The larger and much nicer of the two glass greenhouses in the Glasgow Botanic Gardens is called the Kibble Palace. The 2,137m² wrought iron framed house of glass is packed with tropical plants and white marble statues. Oh, and the temperature and humidity is always quite tropical, so if you’re ever cold and close to the Botanics, head to the Kibble Palace.
The Palace was originally designed by John Kibble – a Scottish inventor, engineer and amateur photographer – as a conservatory for his Loch Long estate in the 1860s. In 1873 the palace was taken apart and brought by barge to its current location.
Initially the palace was used for public events and concerts. Some of the last uses of the Kibble Palace were in the 1870s, when Benjamin Disraeli (in 1873) and William Ewart Gladstone (in 1879) were both installed as rectors of the University of Glasgow in the palace. After the latter of those rectorial inaugurations, the venue became wholly used for the cultivation of temperate plants, including a collection of Australian tree ferns, some of which have lived there for over 120 years.
Between 2003 and 2006 the Kibble Palace went through a £7 million restoration programme to fix the corrosion of the ironwork. This involved the complete dismantling of the Palace, and the removal of the parts to South Yorkshire. It was also the first time in over 120 years when the plant collection was completely removed from the Palace, until it reopened to the public in November 2006.

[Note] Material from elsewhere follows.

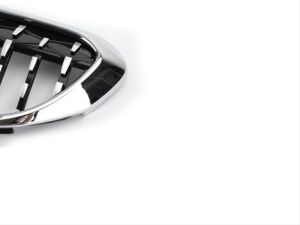 Bmw G30 2017+ Uyumlu Yedek Parça Diamond Böbrek Panjur Krom Çerçeve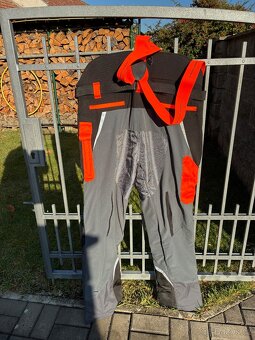 Engelbert Strauss - lesnické protiprořezové kalhoty s páskem - 4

Glasgow Trivia #5: Just behind the spot where this panorama was taken is the abandoned and disused underground Botanic Gardens Railway Station, which was in operation between 1896 and 1939. The line which ran through the Botanics on its way from the Exhibition Centre to Maryhill, the Glasgow Central Line, closed to passenger travel in 1964, and now lies derelict.. Ideas for salvaging the tunnels and station have been thrown around for years, unsuccessfully. for instance, there were plans of turning it into an underground club a few years back, but it fell through because the neighbours opposed it.